** SUPPLIED ENTRIES follows **

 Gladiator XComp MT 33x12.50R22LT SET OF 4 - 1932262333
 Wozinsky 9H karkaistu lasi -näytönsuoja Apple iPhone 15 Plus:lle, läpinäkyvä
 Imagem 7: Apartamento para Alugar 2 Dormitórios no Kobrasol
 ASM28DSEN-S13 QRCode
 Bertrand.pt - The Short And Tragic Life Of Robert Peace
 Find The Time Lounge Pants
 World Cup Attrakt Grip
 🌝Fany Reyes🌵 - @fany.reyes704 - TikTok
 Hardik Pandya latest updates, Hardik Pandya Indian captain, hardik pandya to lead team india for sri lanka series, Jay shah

** End of SUPPLIED ENTRIES **

PROBLEM STATEMENT
What are the lines from the one containing "Imagem 7: Apartamento" through the end of the material? Reproduce them exactly, both ends included, with nothing added.

REPLY
 Imagem 7: Apartamento para Alugar 2 Dormitórios no Kobrasol
 ASM28DSEN-S13 QRCode
 Bertrand.pt - The Short And Tragic Life Of Robert Peace
 Find The Time Lounge Pants
 World Cup Attrakt Grip
 🌝Fany Reyes🌵 - @fany.reyes704 - TikTok
 Hardik Pandya latest updates, Hardik Pandya Indian captain, hardik pandya to lead team india for sri lanka series, Jay shah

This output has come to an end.